- Recommendation Types
- Choosing an Approach
- Providing Manual Recommendations
- Providing Automatic Recommendations
- Final Thoughts
Providing Automatic Recommendations
If it makes more sense to go the “automatic” route, then you actually don’t need to create a new table at all. A JOIN across the products and order_contents tables will do the trick. That JOIN is a bit complicated, so I’ll walk through it in steps.
If the current product is represented by $pid, then this next query retrieves the product IDs for other products that were bought in orders in which $pid was also purchased:
SELECT oc2.product_id FROM order_contents AS oc1 JOIN order_contents AS oc2 ON oc1.order_id=oc2.order_id WHERE oc1.product_id=$pid AND oc2.product_id != $pid
The second part of the WHERE clause must be added to prevent the current product from also being returned.

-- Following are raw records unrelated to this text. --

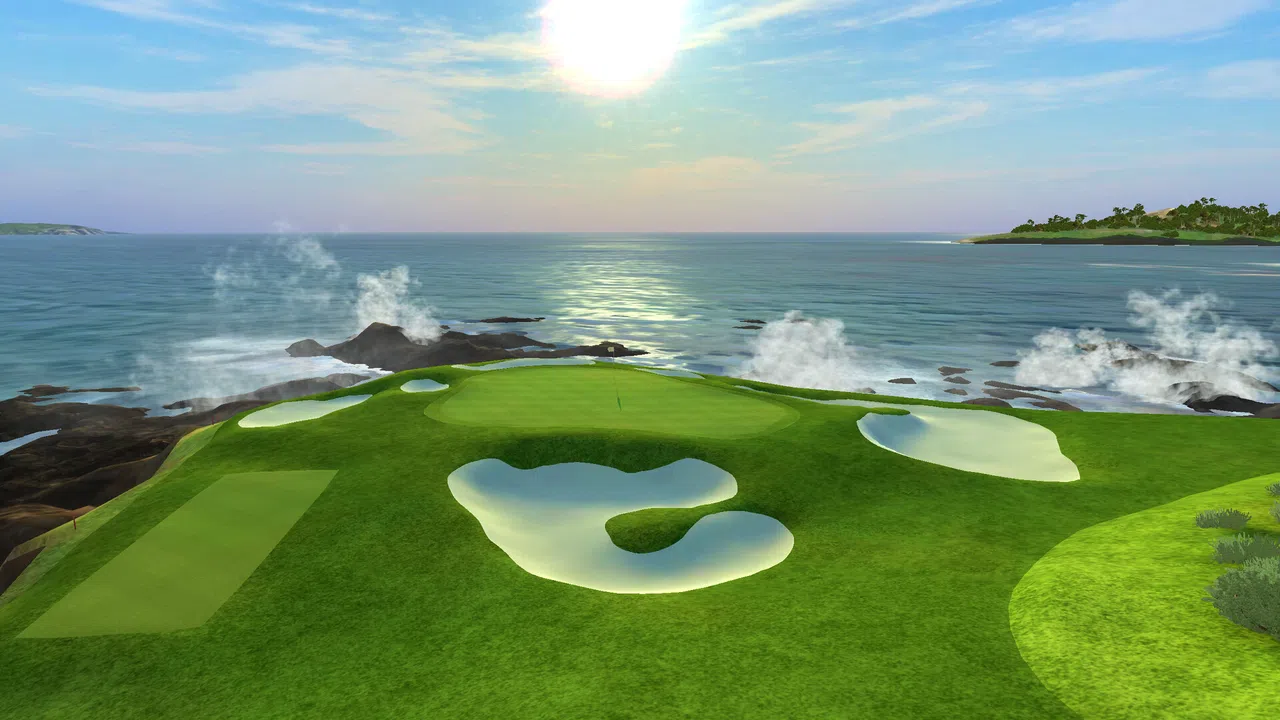 GOLF+ - Pebble Beach Golf Links Screenshot 3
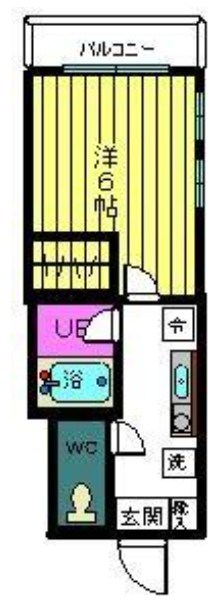LUNAR田端 間取り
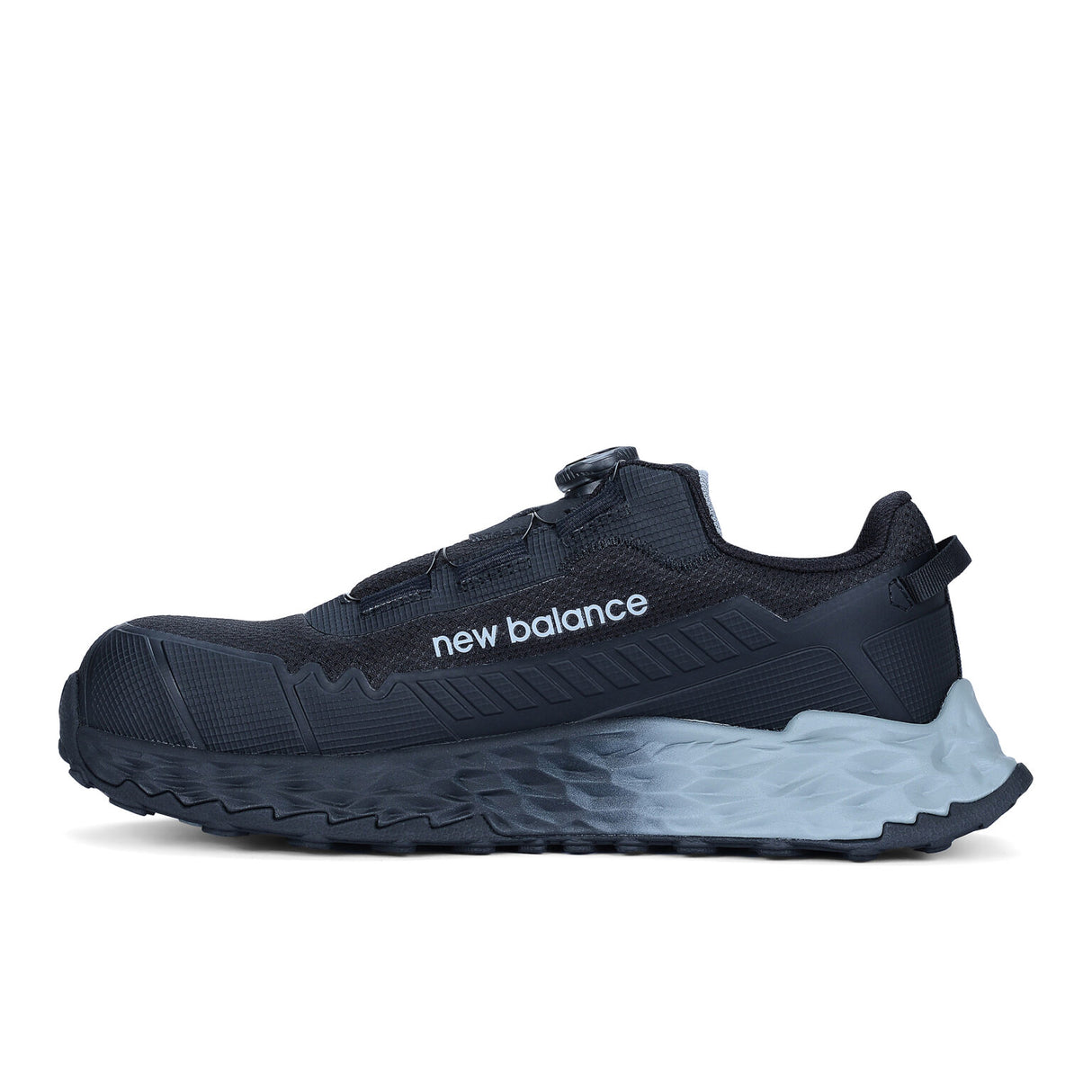 Fresh Foam Cremorne Sikkerhedssko, Sort/Grå, New Balance FFCBOABG-40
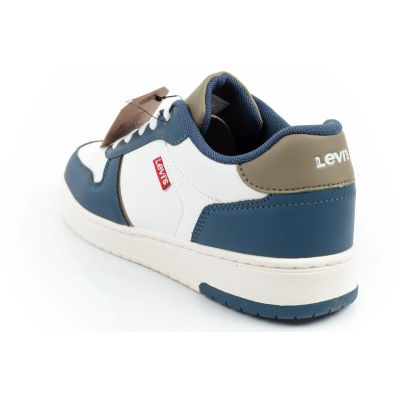 5. Levi's Kick Se children's sports shoes youth white comfortable fashionable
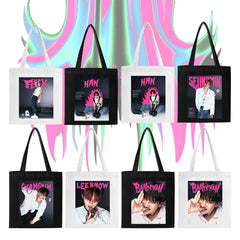 Trendy Retro Kpop Shoulder Tote Bag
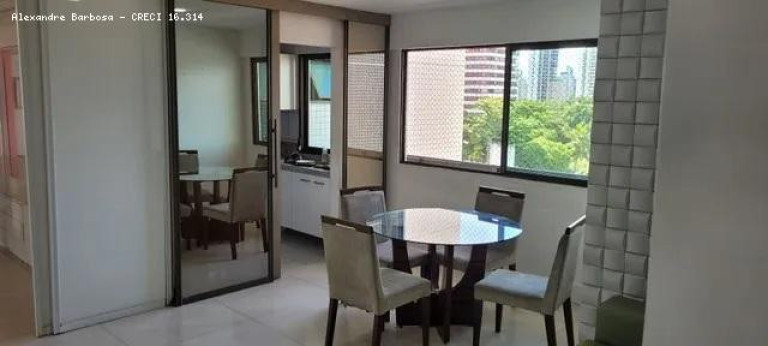 Imagem Apartamento com 4 Quartos à Venda, 220 m² em Jaqueira - Recife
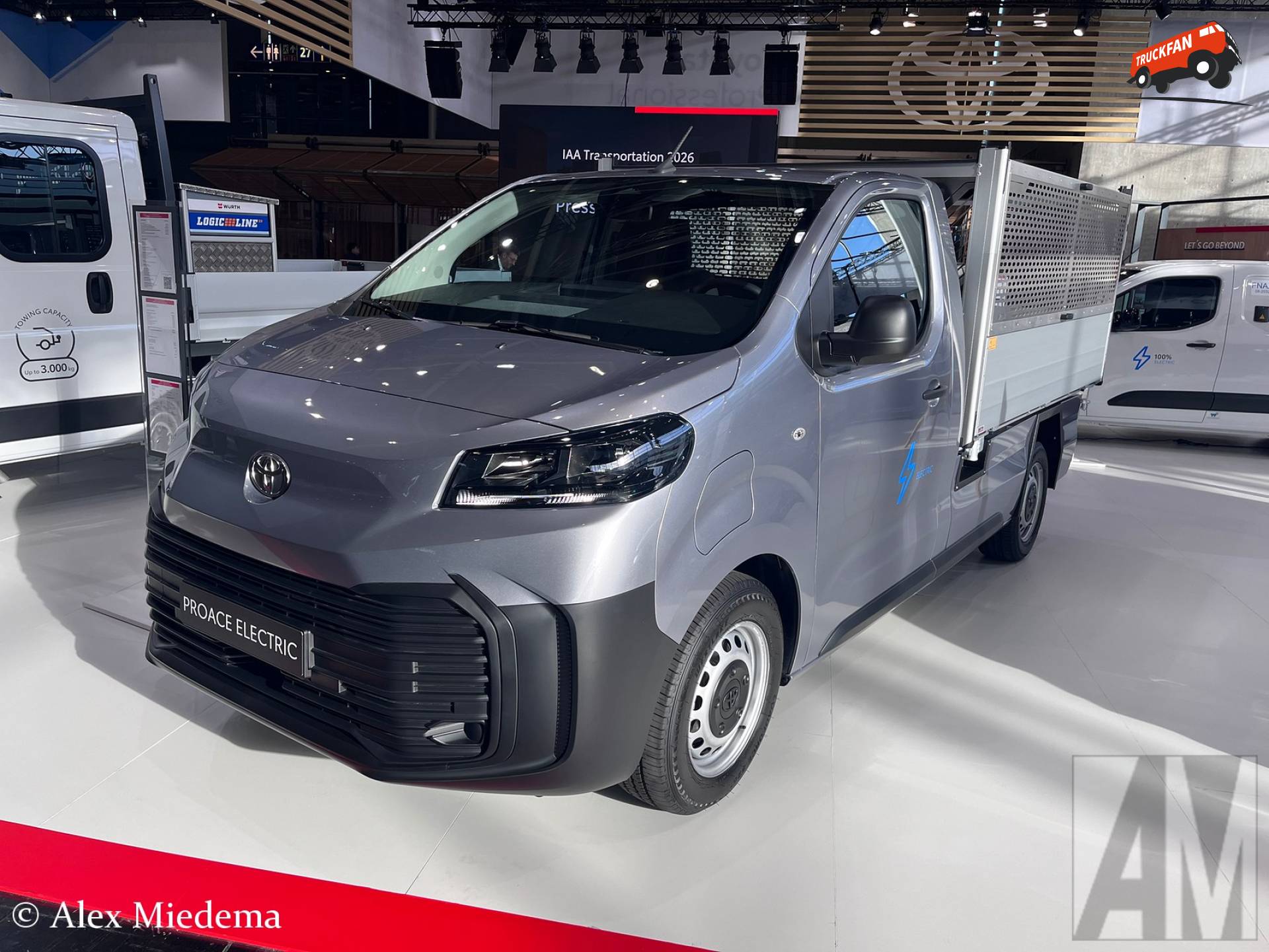 Toyota ProAce Electric bij IAA Transportation 2026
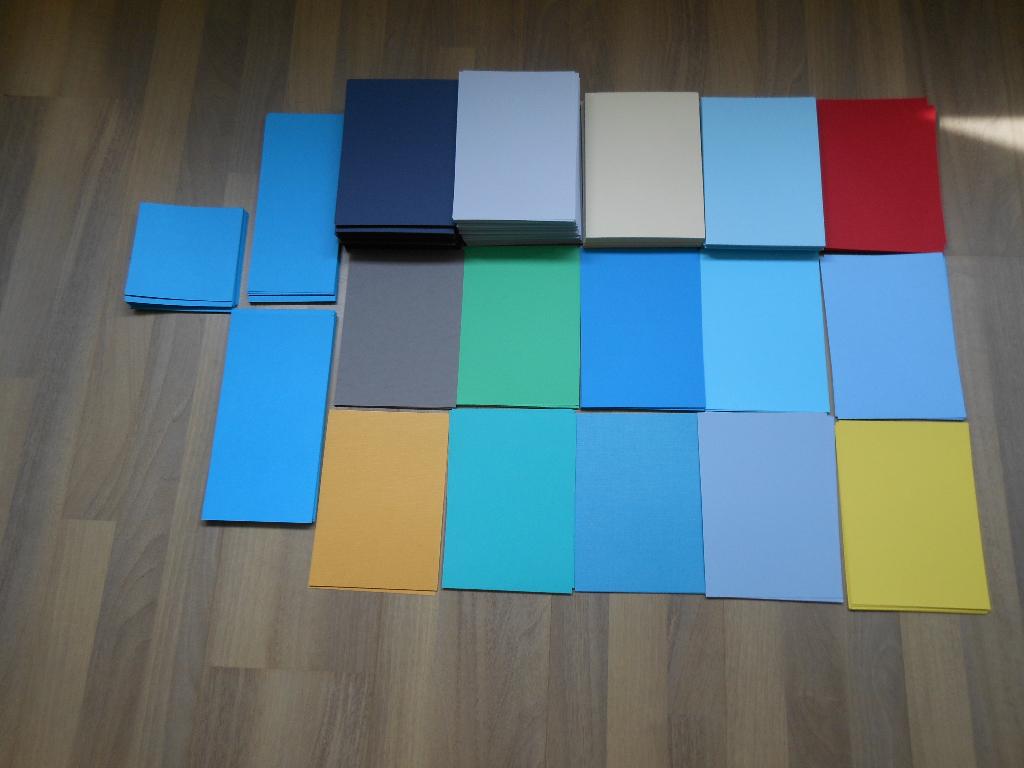 Blanco/Basis  kaarten in allerlei kleuren, Ophalen of Verzenden, Nieuw, Kerst, Blanco kaart of Basiskaart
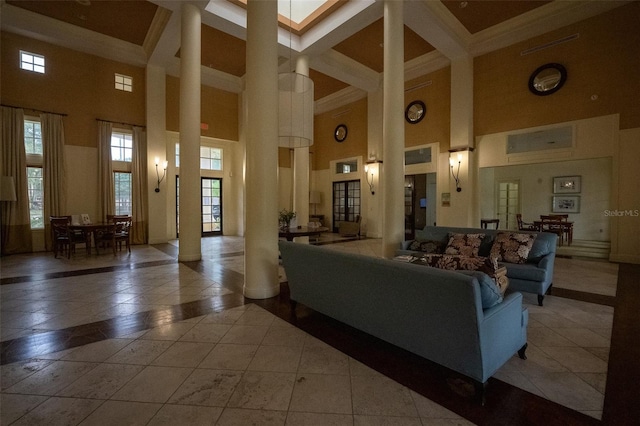 view of building lobby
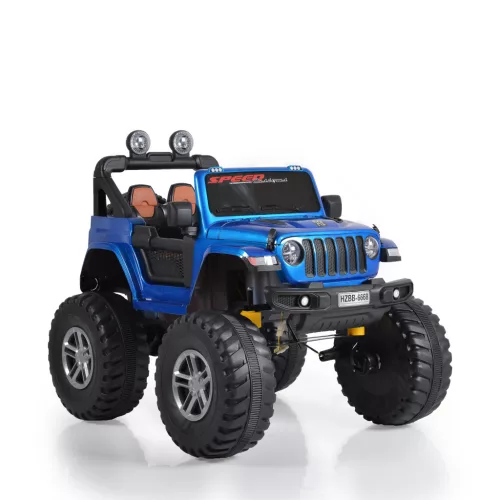 Moni BO Fuego elektromos autó/Jeep - Metál kék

To get the actual product information for the returned list of products, you need to add a JOIN to products:
SELECT p.* FROM order_contents AS oc1 JOIN order_contents AS oc2 ON oc1.order_id=oc2.order_id JOIN products AS p ON p.product_id=oc2.product_id WHERE oc1.product_id=$pid AND oc2.product_id != $pid
Now the query retrieves every product that was purchased at the same time as the current product. However, each also-purchased product may be returned multiple times, and there’s no merit given to each also-purchased product. By that I mean that the children’s book that happened to be purchased at the time someone bought an iPod is returned just the same as the iPod accessories more commonly purchased with an iPod. To fix that (i.e., to make the recommendation smarter), the query needs to count the number of times an item appears and sort the result by that count:
SELECT p.* FROM order_contents AS oc1 JOIN order_contents AS oc2 ON oc1.order_id=oc2.order_id JOIN products AS p ON p.product_id=oc2.product_id WHERE oc1.product_id=$pid AND oc2.product_id != $pid GROUP BY oc2.product_id ORDER BY COUNT(oc2.product_id) DESC
As you might imagine, having a query like this executed on the fly for every product displayed will take a toll on the site’s performance. I’d be inclined to turn that query into a VIEW table. A VIEW table is a table created in memory that represents the results of a query. By using a VIEW to represent the complex JOIN, you can perform simple SELECT queries as needed.
Instead of creating one VIEW for each product (the above query only returns the recommendations for a single item), the VIEW should represent perhaps the five best product recommendations for each product in the database (that has been ordered). To do that, the SELECT query needs to be modified so that it:
- Also selects the original product ID
- Also selects the COUNT() value (i.e., the significance of a recommendation)
- Applies a LIMIT clause
Here, then, is the SQL command used to define a VIEW:
CREATE VIEW product_recommendations AS SELECT p1.product_id AS product_id, COUNT(oc2.product_id) AS rank, p2.* FROM order_contents AS oc1 JOIN order_contents AS oc2 ON oc1.order_id=oc2.order_id JOIN products AS p2 ON p2.product_id=oc2.product_id JOIN products AS p1 ON oc1.product_id=p1.product_id WHERE oc1.product_id=p1.product_id AND oc2.product_id != p1.product_id GROUP BY oc2.product_id ORDER BY rank DESC LIMIT 5
Whew! That’s a pretty good query and a great use of VIEW tables. Now each product page can fetch the recommendations using a simple SELECT:
SELECT * FROM product_recommendations WHERE product_id=$pid ORDER BY rank DESC
The database will be able to return those query results much faster than it would the original complex JOIN.